- WORK INSTRUCTIONS
When you output the entries, begin with the first line and end with the line containing "Skoda Karoq 2.0", keeping each line exactly as it is.

[Opening DATA FOR THE TASK section]

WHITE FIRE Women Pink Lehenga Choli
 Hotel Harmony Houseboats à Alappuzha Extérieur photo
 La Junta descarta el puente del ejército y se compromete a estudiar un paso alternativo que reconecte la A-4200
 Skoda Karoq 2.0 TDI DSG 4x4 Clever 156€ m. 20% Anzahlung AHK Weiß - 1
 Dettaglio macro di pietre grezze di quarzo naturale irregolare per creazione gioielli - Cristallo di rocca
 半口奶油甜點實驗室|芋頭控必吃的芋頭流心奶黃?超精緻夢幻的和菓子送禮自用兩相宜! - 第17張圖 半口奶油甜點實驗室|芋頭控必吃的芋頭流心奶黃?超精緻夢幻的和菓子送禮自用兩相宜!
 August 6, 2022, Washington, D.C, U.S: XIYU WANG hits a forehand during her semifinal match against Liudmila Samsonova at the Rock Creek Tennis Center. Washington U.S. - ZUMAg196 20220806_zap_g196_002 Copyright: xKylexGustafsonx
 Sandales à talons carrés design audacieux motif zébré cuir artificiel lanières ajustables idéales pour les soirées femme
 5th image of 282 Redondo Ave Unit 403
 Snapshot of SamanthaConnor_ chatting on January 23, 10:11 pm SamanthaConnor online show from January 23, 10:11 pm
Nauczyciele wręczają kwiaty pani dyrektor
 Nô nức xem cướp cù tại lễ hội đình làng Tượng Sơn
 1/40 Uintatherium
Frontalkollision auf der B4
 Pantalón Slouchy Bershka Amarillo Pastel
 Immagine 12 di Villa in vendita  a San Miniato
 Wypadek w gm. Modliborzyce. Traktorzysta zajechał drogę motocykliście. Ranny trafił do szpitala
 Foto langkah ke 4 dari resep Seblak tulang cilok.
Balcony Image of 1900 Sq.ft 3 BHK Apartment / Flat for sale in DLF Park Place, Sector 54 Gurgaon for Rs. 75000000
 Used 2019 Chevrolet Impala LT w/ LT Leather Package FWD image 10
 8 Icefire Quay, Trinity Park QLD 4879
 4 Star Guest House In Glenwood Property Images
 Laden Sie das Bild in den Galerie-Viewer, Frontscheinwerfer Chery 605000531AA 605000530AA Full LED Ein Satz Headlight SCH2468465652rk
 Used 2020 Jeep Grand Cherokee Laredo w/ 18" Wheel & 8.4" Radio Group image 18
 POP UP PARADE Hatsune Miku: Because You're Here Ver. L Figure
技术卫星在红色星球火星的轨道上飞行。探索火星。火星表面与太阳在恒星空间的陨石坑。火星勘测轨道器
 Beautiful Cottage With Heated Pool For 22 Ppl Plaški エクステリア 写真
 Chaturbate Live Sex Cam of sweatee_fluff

[Closing DATA FOR THE TASK section]

- SOLUTION TO THE PROBLEM
WHITE FIRE Women Pink Lehenga Choli
 Hotel Harmony Houseboats à Alappuzha Extérieur photo
 La Junta descarta el puente del ejército y se compromete a estudiar un paso alternativo que reconecte la A-4200
 Skoda Karoq 2.0 TDI DSG 4x4 Clever 156€ m. 20% Anzahlung AHK Weiß - 1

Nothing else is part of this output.